そして、ふと寺田寅彦の作品を読もうと思った。物理学者でありながら、著者の随筆は文学的で読む度に戦前の知識人の知恵に驚いてしまう。今回はなんとも固いタイトルの本書を読むことにした。

 

「疑う」ということは、実はものすごく大切なことだ。信用しない、ということだから何となく肯定的に受け入れられない面が浮き立つし、特に対象が人間であればなんとなく後ろめたさが残る。しかし対象が仕事や学問や心理や気など、手で触れ目で見ることのできないものならばどうだろう。「どうして?」と疑問を持つことで答えを見つけようと自分の頭で考える。その作業は深くものを掘り出すことを意味しているし、自己啓発の本あたりにもよく書かれているので、やはり追求究明する作業には欠かせないことなのだろう。

 

疑いは知の基である。よく疑う者はよく知る人である。南洋孤島の酋長しゅうちょう東都をうて鉄道馬車の馬を見、驚いてあれは人食う動物かと問う、聞いて笑わざる人なし。
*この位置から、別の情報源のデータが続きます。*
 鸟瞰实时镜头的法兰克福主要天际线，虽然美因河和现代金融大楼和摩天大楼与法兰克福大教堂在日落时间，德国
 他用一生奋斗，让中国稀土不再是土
笑う人は馬の名を知り馬の用を知り馬の性情形態を知れどもついに馬を知る事はできぬのである。馬を知らんと思う者は第一に馬を見て大いに驚き、次に大いに怪しみ、次いで大いに疑わねばならぬ。

 

最近読んでいるポアロもそうだが、疑うことで初めて解決へつながる道が見えてくる。それはわかっているのだが、私はなんともすんなりと物事を受け止めてしまう質である。だから進歩が無いということも大いに自覚している。すごい人に会えば、ただただ「すごいなあ」で終わってしまい、どうしてその人がすごいのかを疑うことがない。だから学びが浅いのだ。

 

読書もとよりはなはだ必要である、ただ一を読んで十を疑い百を考うる事が必要である。人間の知識を一歩進めんとする者は現在の知識の境界線まで進むを要する事はもちろんである。すでに境界線に立って線外の自然をつかまんとするものは、いたずらに目をふさいで迷想するだけではだめである。目を開いて自然その物を凝視しなければならぬ。これを手に取って右転左転して見なければならぬ。そうして大いに疑わねばならぬ。この際にただ注意すべき事は色めがねをかけて見ない事である。自分が色めがねをかけているかいないかを確かめるためには、さらに翻って既知の自然を省みまた大いに疑わなければならぬ事はもちろんである。

 

読書が好きなのは、別の世界にワープしたような感覚になれたり、主人公の活躍を疑似体験して一瞬自分を忘れられたり、知らないことを知る喜びがあるからなのだが、上の文章を読んで「私は本を味わえ切れていない」と思うに至った。ストーリーを楽しむだけではなく、本にしっかり対峙して考える作業をもっと持たねば。そうすればこそ記憶に心に残るのだ。こうして本の記録を取るようになったのも読んだことを忘れるからだが、味わい尽くしていればきっとタイトルを聞いただけで「ああ、あの本ね!」とさっと記憶の引き出しから内容を取り出せることだろう。

 

短い随筆なので2度も3度も読みながら、今の自分の読書に何が足りないかを考えた。Kindleでも無料で読めるが青空文庫でもアクセス可能なので、是非一読をおススメします。